Itavino rimase stupito dalla pacatezza di quell’uomo e abbassò lo sguardo sentendosi in colpa: “Scusami… non volevo essere violento, è stata una reazione istintiva… È che non capisco come mai mi sembriate tutti normali. Eppure…lo sai anche tu che… insomma, siete diversi… Aiutami a trovare e a capire, per favore”.
Quello non fece nessun cenno di bocca, nemmeno un segno con gli occhi e disse: “Guardami.

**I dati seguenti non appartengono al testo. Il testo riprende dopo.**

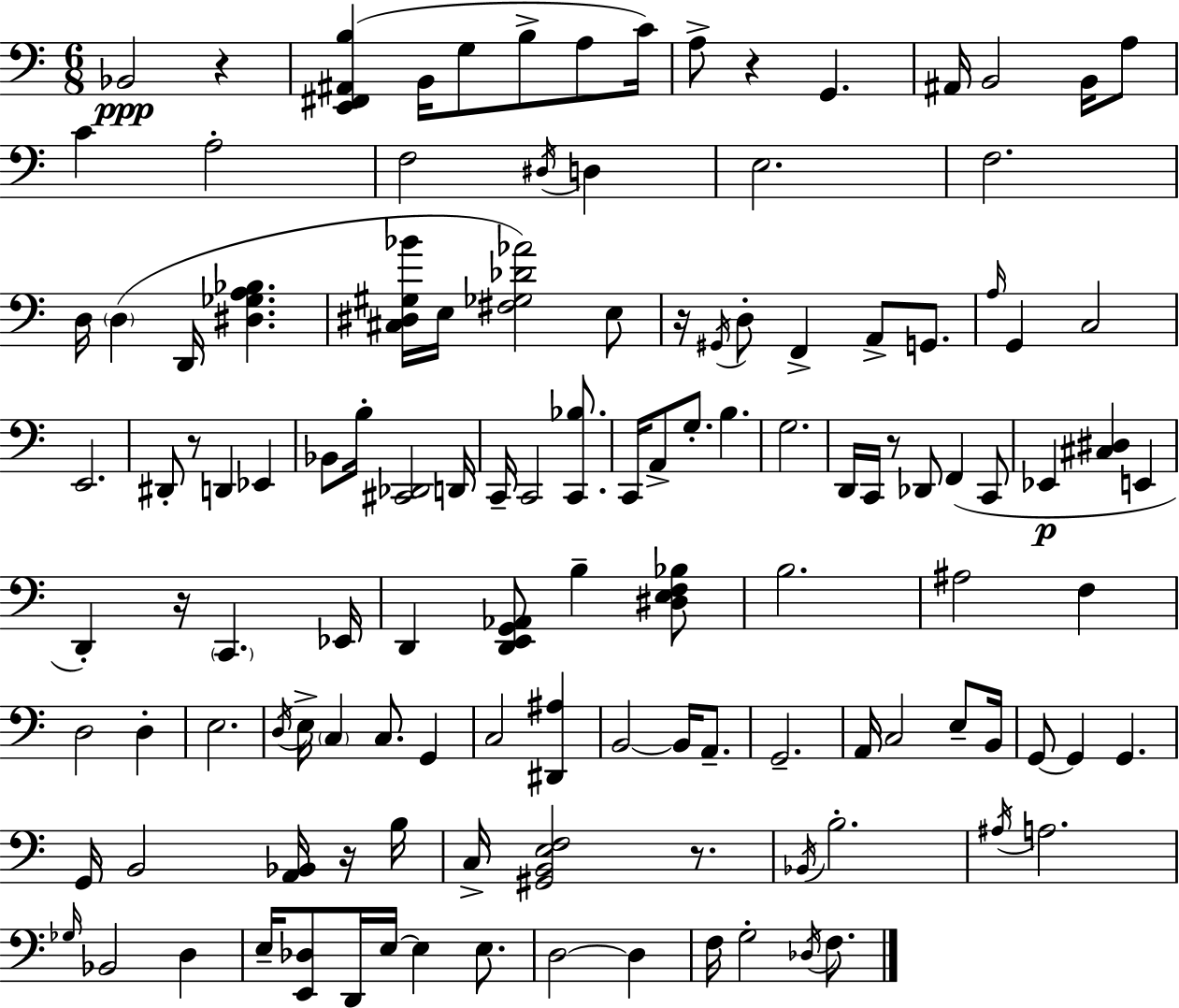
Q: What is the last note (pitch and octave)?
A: F3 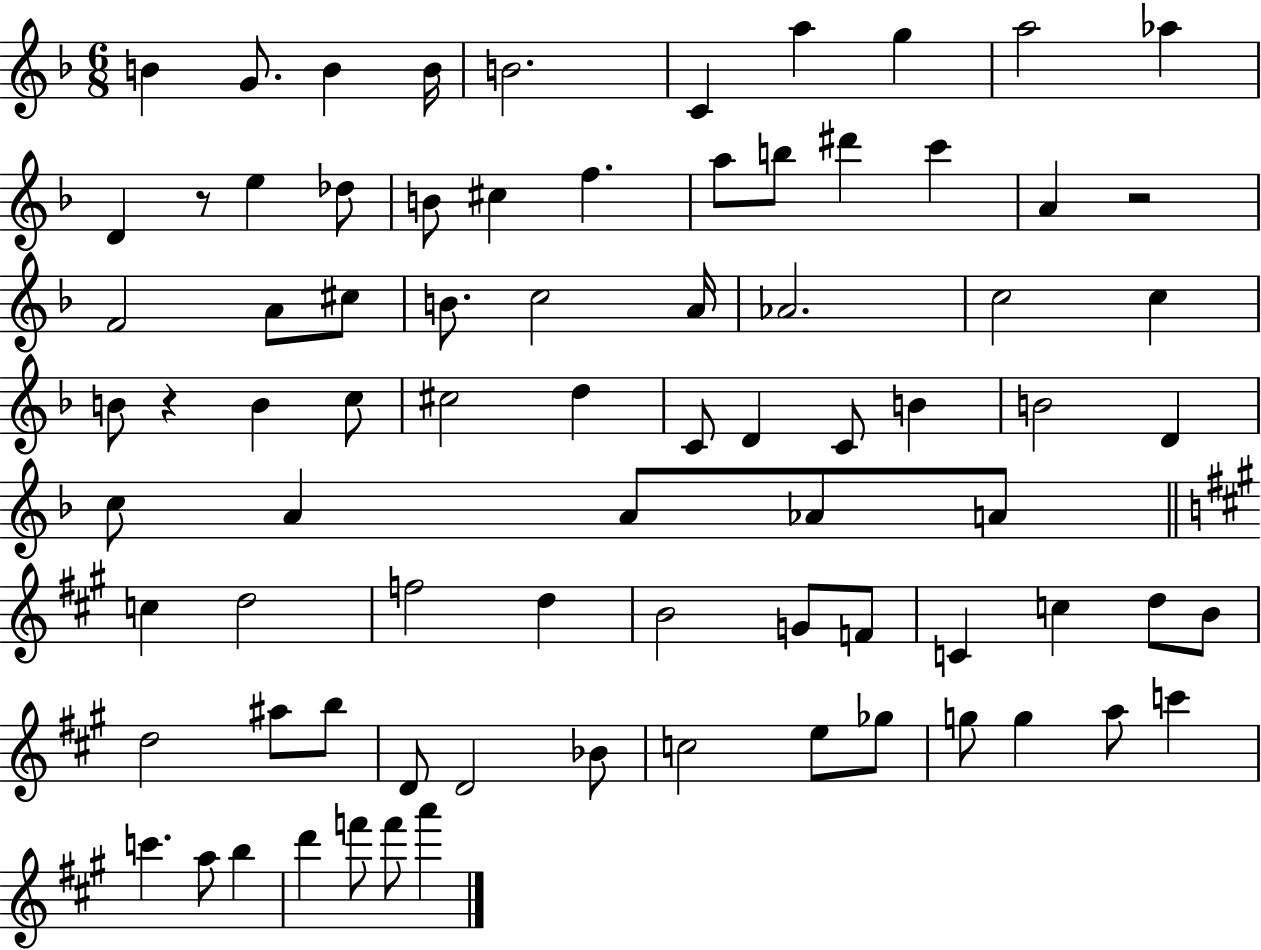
X:1
T:Untitled
M:6/8
L:1/4
K:F
B G/2 B B/4 B2 C a g a2 _a D z/2 e _d/2 B/2 ^c f a/2 b/2 ^d' c' A z2 F2 A/2 ^c/2 B/2 c2 A/4 _A2 c2 c B/2 z B c/2 ^c2 d C/2 D C/2 B B2 D c/2 A A/2 _A/2 A/2 c d2 f2 d B2 G/2 F/2 C c d/2 B/2 d2 ^a/2 b/2 D/2 D2 _B/2 c2 e/2 _g/2 g/2 g a/2 c' c' a/2 b d' f'/2 f'/2 a' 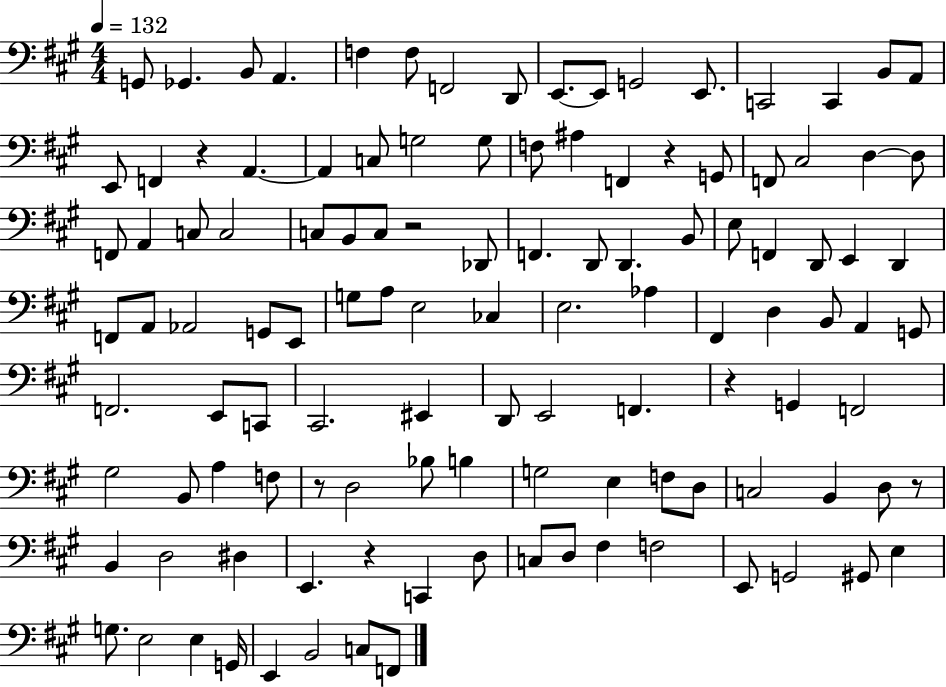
X:1
T:Untitled
M:4/4
L:1/4
K:A
G,,/2 _G,, B,,/2 A,, F, F,/2 F,,2 D,,/2 E,,/2 E,,/2 G,,2 E,,/2 C,,2 C,, B,,/2 A,,/2 E,,/2 F,, z A,, A,, C,/2 G,2 G,/2 F,/2 ^A, F,, z G,,/2 F,,/2 ^C,2 D, D,/2 F,,/2 A,, C,/2 C,2 C,/2 B,,/2 C,/2 z2 _D,,/2 F,, D,,/2 D,, B,,/2 E,/2 F,, D,,/2 E,, D,, F,,/2 A,,/2 _A,,2 G,,/2 E,,/2 G,/2 A,/2 E,2 _C, E,2 _A, ^F,, D, B,,/2 A,, G,,/2 F,,2 E,,/2 C,,/2 ^C,,2 ^E,, D,,/2 E,,2 F,, z G,, F,,2 ^G,2 B,,/2 A, F,/2 z/2 D,2 _B,/2 B, G,2 E, F,/2 D,/2 C,2 B,, D,/2 z/2 B,, D,2 ^D, E,, z C,, D,/2 C,/2 D,/2 ^F, F,2 E,,/2 G,,2 ^G,,/2 E, G,/2 E,2 E, G,,/4 E,, B,,2 C,/2 F,,/2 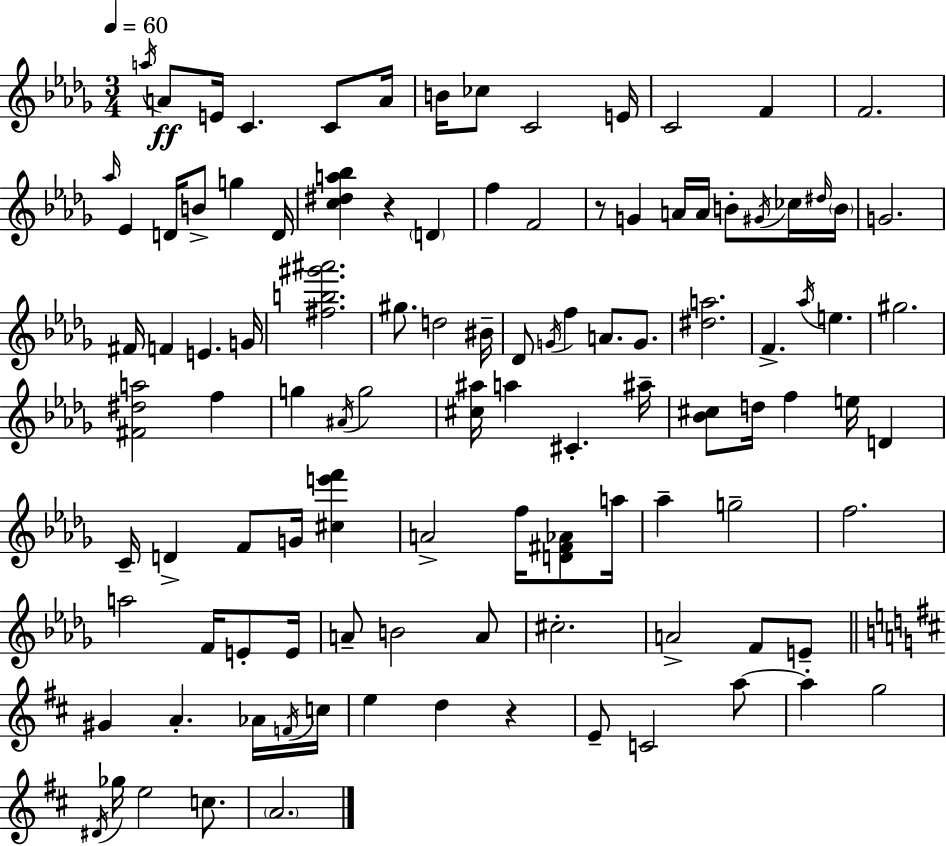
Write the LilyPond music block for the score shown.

{
  \clef treble
  \numericTimeSignature
  \time 3/4
  \key bes \minor
  \tempo 4 = 60
  \acciaccatura { a''16 }\ff a'8 e'16 c'4. c'8 | a'16 b'16 ces''8 c'2 | e'16 c'2 f'4 | f'2. | \break \grace { aes''16 } ees'4 d'16 b'8-> g''4 | d'16 <c'' dis'' a'' bes''>4 r4 \parenthesize d'4 | f''4 f'2 | r8 g'4 a'16 a'16 b'8-. | \break \acciaccatura { gis'16 } ces''16 \grace { dis''16 } \parenthesize b'16 g'2. | fis'16 f'4 e'4. | g'16 <fis'' b'' gis''' ais'''>2. | gis''8. d''2 | \break bis'16-- des'8 \acciaccatura { g'16 } f''4 a'8. | g'8. <dis'' a''>2. | f'4.-> \acciaccatura { aes''16 } | e''4. gis''2. | \break <fis' dis'' a''>2 | f''4 g''4 \acciaccatura { ais'16 } g''2 | <cis'' ais''>16 a''4 | cis'4.-. ais''16-- <bes' cis''>8 d''16 f''4 | \break e''16 d'4 c'16-- d'4-> | f'8 g'16 <cis'' e''' f'''>4 a'2-> | f''16 <d' fis' aes'>8 a''16 aes''4-- g''2-- | f''2. | \break a''2 | f'16 e'8-. e'16 a'8-- b'2 | a'8 cis''2.-. | a'2-> | \break f'8 e'8-- \bar "||" \break \key d \major gis'4 a'4.-. aes'16 \acciaccatura { f'16 } | c''16 e''4 d''4 r4 | e'8-- c'2 a''8~~ | a''4-. g''2 | \break \acciaccatura { dis'16 } ges''16 e''2 c''8. | \parenthesize a'2. | \bar "|."
} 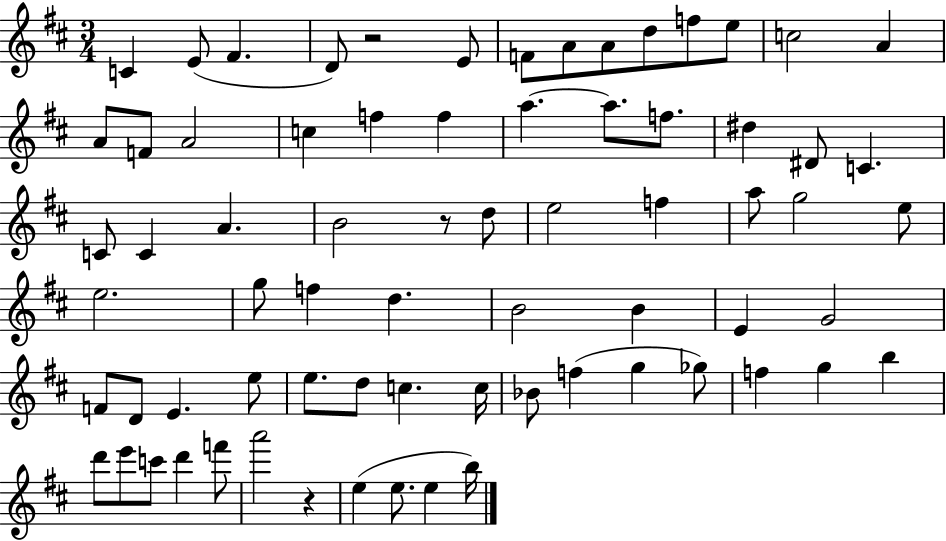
{
  \clef treble
  \numericTimeSignature
  \time 3/4
  \key d \major
  \repeat volta 2 { c'4 e'8( fis'4. | d'8) r2 e'8 | f'8 a'8 a'8 d''8 f''8 e''8 | c''2 a'4 | \break a'8 f'8 a'2 | c''4 f''4 f''4 | a''4.~~ a''8. f''8. | dis''4 dis'8 c'4. | \break c'8 c'4 a'4. | b'2 r8 d''8 | e''2 f''4 | a''8 g''2 e''8 | \break e''2. | g''8 f''4 d''4. | b'2 b'4 | e'4 g'2 | \break f'8 d'8 e'4. e''8 | e''8. d''8 c''4. c''16 | bes'8 f''4( g''4 ges''8) | f''4 g''4 b''4 | \break d'''8 e'''8 c'''8 d'''4 f'''8 | a'''2 r4 | e''4( e''8. e''4 b''16) | } \bar "|."
} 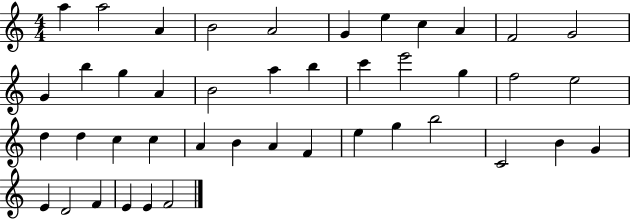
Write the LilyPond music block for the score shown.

{
  \clef treble
  \numericTimeSignature
  \time 4/4
  \key c \major
  a''4 a''2 a'4 | b'2 a'2 | g'4 e''4 c''4 a'4 | f'2 g'2 | \break g'4 b''4 g''4 a'4 | b'2 a''4 b''4 | c'''4 e'''2 g''4 | f''2 e''2 | \break d''4 d''4 c''4 c''4 | a'4 b'4 a'4 f'4 | e''4 g''4 b''2 | c'2 b'4 g'4 | \break e'4 d'2 f'4 | e'4 e'4 f'2 | \bar "|."
} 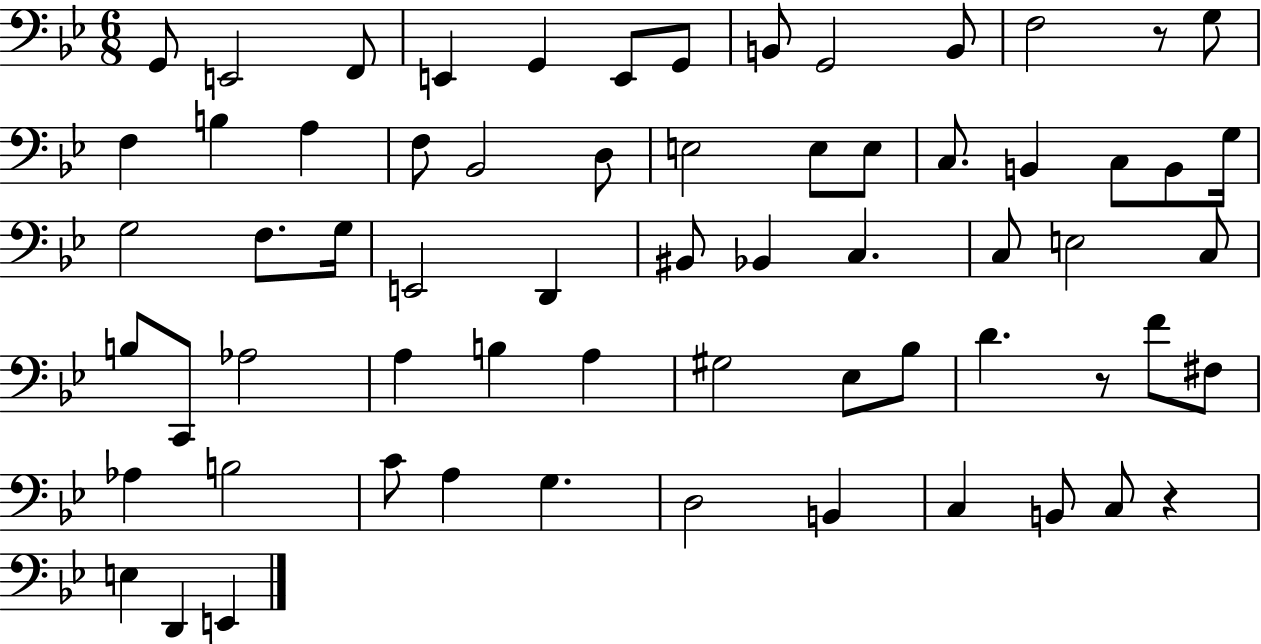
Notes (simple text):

G2/e E2/h F2/e E2/q G2/q E2/e G2/e B2/e G2/h B2/e F3/h R/e G3/e F3/q B3/q A3/q F3/e Bb2/h D3/e E3/h E3/e E3/e C3/e. B2/q C3/e B2/e G3/s G3/h F3/e. G3/s E2/h D2/q BIS2/e Bb2/q C3/q. C3/e E3/h C3/e B3/e C2/e Ab3/h A3/q B3/q A3/q G#3/h Eb3/e Bb3/e D4/q. R/e F4/e F#3/e Ab3/q B3/h C4/e A3/q G3/q. D3/h B2/q C3/q B2/e C3/e R/q E3/q D2/q E2/q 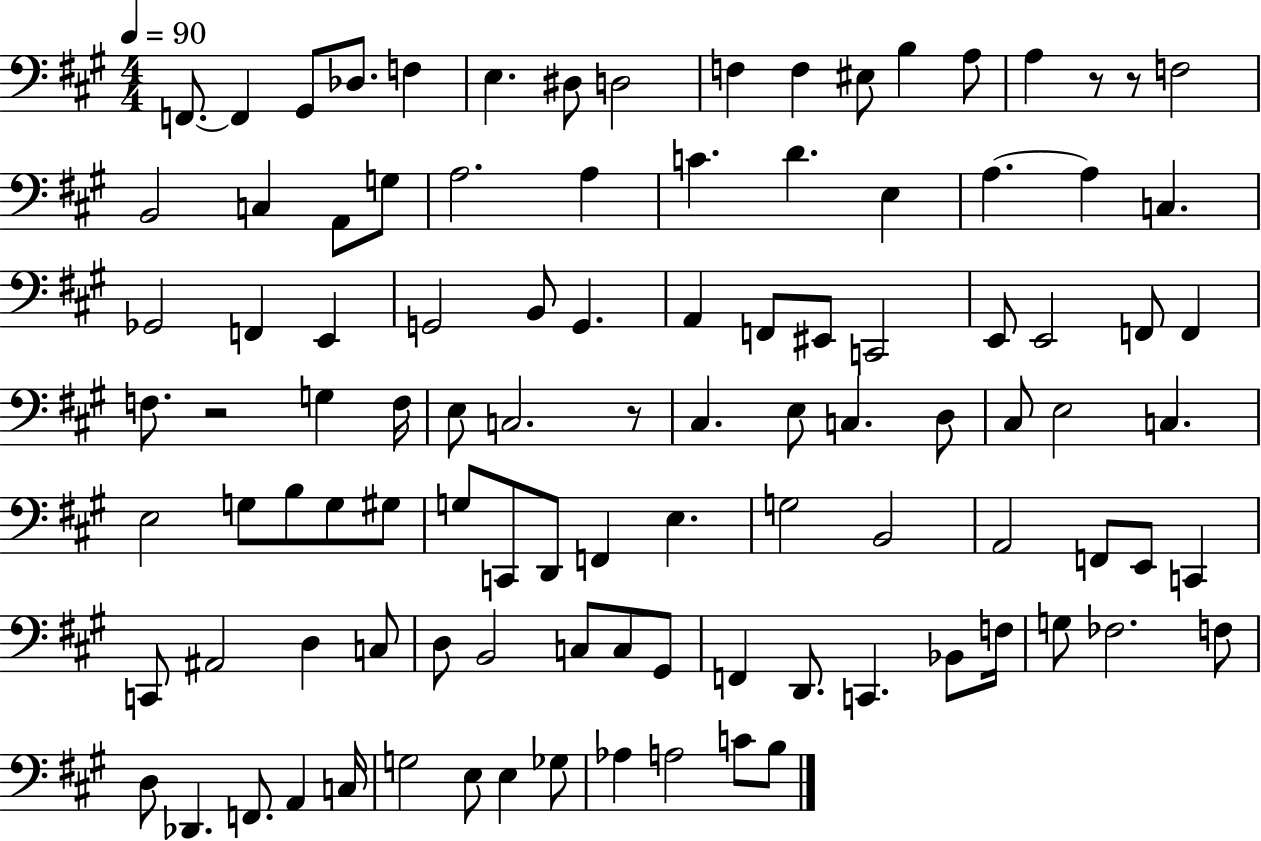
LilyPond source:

{
  \clef bass
  \numericTimeSignature
  \time 4/4
  \key a \major
  \tempo 4 = 90
  f,8.~~ f,4 gis,8 des8. f4 | e4. dis8 d2 | f4 f4 eis8 b4 a8 | a4 r8 r8 f2 | \break b,2 c4 a,8 g8 | a2. a4 | c'4. d'4. e4 | a4.~~ a4 c4. | \break ges,2 f,4 e,4 | g,2 b,8 g,4. | a,4 f,8 eis,8 c,2 | e,8 e,2 f,8 f,4 | \break f8. r2 g4 f16 | e8 c2. r8 | cis4. e8 c4. d8 | cis8 e2 c4. | \break e2 g8 b8 g8 gis8 | g8 c,8 d,8 f,4 e4. | g2 b,2 | a,2 f,8 e,8 c,4 | \break c,8 ais,2 d4 c8 | d8 b,2 c8 c8 gis,8 | f,4 d,8. c,4. bes,8 f16 | g8 fes2. f8 | \break d8 des,4. f,8. a,4 c16 | g2 e8 e4 ges8 | aes4 a2 c'8 b8 | \bar "|."
}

Guardaci bene. Cosa vedi nel mio volto che non c’è? Sforzati”. Itavino si sforzava ma niente.
“Uomo europeo, noi non sorridiamo. Il nostro popolo ha perso forse uno dei beni più preziosi: il sorriso. Non siamo più capaci di sorridere. Non siamo più in grado di esprimere quella bellezza che riempie di gioia l’essere umano. Abbiamo disimparato. Queste mascherine che indossiamo sono in parte la causa della nostra incapacità ma anche lo strumento per nascondere i nostri volti: maschere vuote e asettiche”.
Itavino rimase fermo, immobile, non riusciva a distogliere lo sguardo da quell’uomo che non esprimeva nulla se non indifferenza. E nella sua testa cominciò a collegare quanto aveva appena scoperto con quell’uomo che urlava in strada promettendo un nuovo sorriso a chiunque avrebbe riposto la fiducia in lui. Ecco. Sì. Era il sorriso il grande assente. Migliaia di persone rinchiuse dietro una pezza sintetica che non esprimevano più gioia.
Era il risultato di uno strumento di sicurezza che avrebbe dovuto garantire loro la vita. Certo, ma a che prezzo? Era la conseguenza di quanto è stato e di quant’è tutt’ora.
Sopra i loro volti uno stigma prepandemico pesantemente accentuato nei numeri durante la pandemia.
Una società che è andata avanti e che ha creduto di esserne uscita. Ma in verità il suo cammino è quello di una persona male in arnese. È quello di uno zoppo che si trascina l’arto malsano, intaccato, che si ostina ad autoconvincersi che la sua andatura è naturale, perfetta ed equilibrata, ma che in realtà mostra i segni del disagio passo dopo passo, quando di fronte all’orma delineata e corretta di un piede accosta l’impronta indefinita e trascinata dell’altro. Una società che deve fari i conti con un disagio e con l’incapacità di sorridere.
Una società che deve e vede attrezzarsi persone pronte a studiare i muscoli facciali e ad insegnare ad altre persone a tornare a sorridere, a sollevare gli angoli della bocca istituendo dei veri corsi di espressività facciale. Ore di allenamento per imparare a mettere in mostra i propri denti e mostrare gli occhi rilassati.
Ed è qui che emerge l’ulteriore problematica. Mostrare. Come se sorridere fosse diventata un’arte. La gente vuole essere vista sorridente e basta. E se invece fosse necessario ritrovare anche il buon umore? È possibile tornare ad essere felici solamente sorridendo? E se assieme al sorriso fosse andata perduta anche quella facoltà cognitiva di saper riconoscere ciò che è bello, ciò che è felice? Il problema non è soltanto esteriore, il sorriso può essere una facciata. Il problema è anche interiore, non sono sufficienti sorrisi ideali.
È una forma di umano che avanza e che umano non è. Disumano.
Il Giappone ha perso il sorriso, e sta tentando di ritrovarlo.